With help from local officials behind the controls of giant excavators, developer Weston Urban broke ground Thursday for a soaring residential tower in the heart of the downtown business district.
Mayor Ron Nirenberg and Judge Nelson Wolff turned the ceremonial dirt to kick off a project the developer calls 300 Main, a 354-unit high-rise and six-level parking garage at North Main Avenue and East Travis Street.
Set to be completed in spring 2024, the tower will span 32 stories, taller than the neighboring 24-story Frost Tower, making it one of the tallest structures in downtown San Antonio.
Already, construction teams and heavy equipment are at work on the narrow 1-acre parcel of land formerly used as a parking lot.
Randy Smith, CEO and co-founder of Weston Urban said the event was a celebration of what is to come. “And that is that in two years’ time, a hot, soulless asphalt parking lot … will transform — by the work of a lot of great San Antonians— into 32 stories of beauty and progress and, really, homes,” he said.
In addition to housing, the tower will offer 6,275-square-feet of ground-floor retail space and a 25th-floor lounge with unobstructed views.
The Class AA apartments averaging 924 square feet will be leased at market rates.
The project was awarded $7.5 million in Center City Housing Incentive Policy (CCHIP) incentives to include a 15-year local tax rebate.
The terms of the incentives agreement call for the developer to contribute almost $2.2 million to the Affordable Housing Fund.
Nirenberg said the tower sends a “clear signal” that San Antonio is moving in the right direction.
“Investments we all know in downtown are a vote of confidence in our entire city and the growing demand for living space in the city’s core speaks volumes about the high quality of downtown living that we expect in our city,” he said. “It’s a type of asset that attracts employers and employees to the urban core and, most importantly, more living units help address the housing demand that extends across the entire city.”
The general contractor for 300 Main, designed by Austin-based architecture firm Page, is Rogers-O’Brien Construction. The estimated cost of construction is $107 million.

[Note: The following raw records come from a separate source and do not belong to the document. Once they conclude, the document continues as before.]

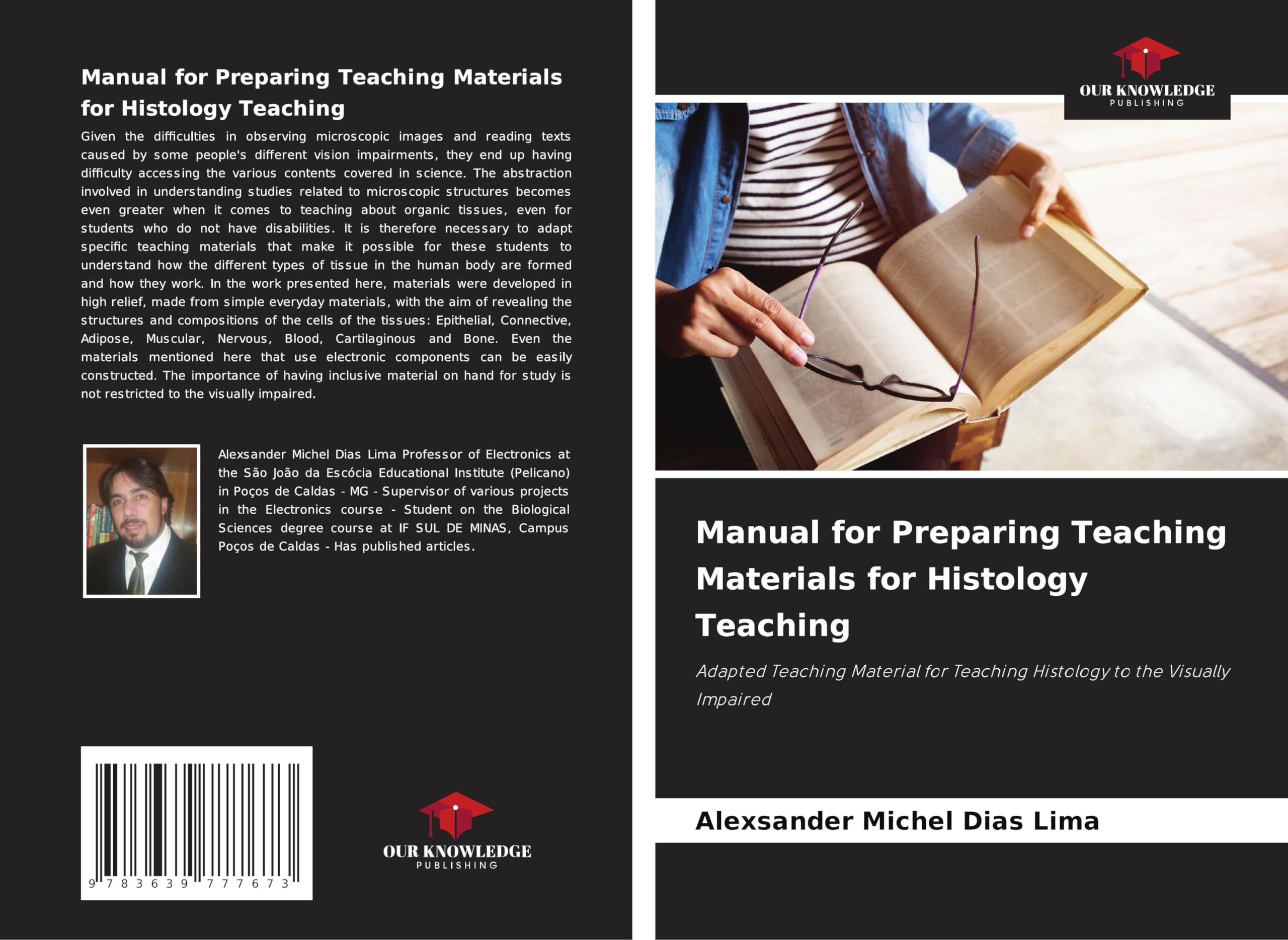 Manual for Preparing Teaching Materials for Histology Teaching: Adapted Teaching Material for Teaching Histology to the Visually Impaired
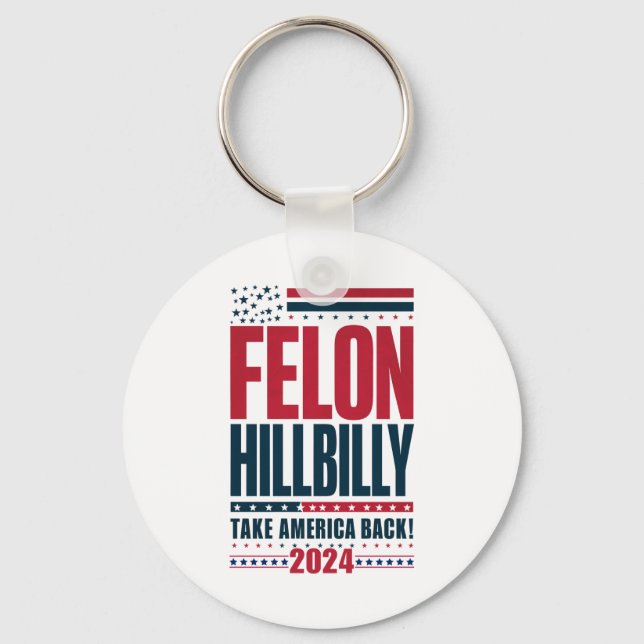 Chaveiro Felon Hillbilly 2024 Trump Vance 2024 Eleição (Frente)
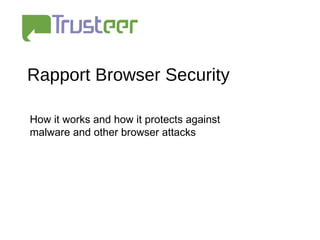 Rapport Browser Security

How it works and how it protects against
malware and other browser attacks
 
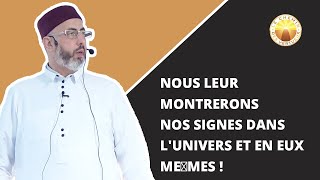 Nous leur montrerons Nos signes dans l'univers et en eux mêmes !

Smith said development projects like 300 Main are less common in downtown San Antonio than in the suburbs because of site constraints in the urban core and the archaeological work that is required in a city that’s over 300 years old.
“And, honestly, while the world is awash in capital, San Antonio is not,” he said. Such projects are not easy to finance at a time when there are many other cities further along in their development and more attractive to investors.
Also on Thursday, Weston Urban announced a new ground-floor food and beverage tenant will open in May in the Rand Building, 114 E. Houston St.
The restaurant, Double Standard, will feature American tavern fare and is the creation of the Empty Stomach Group which operates Barbaro, Little Death, Hot Joy and other San Antonio restaurants.
In early 2023, a Chick-fil-A restaurant with dine-in and a drive-through service also will open in the Rand, at 110 E. Houston St.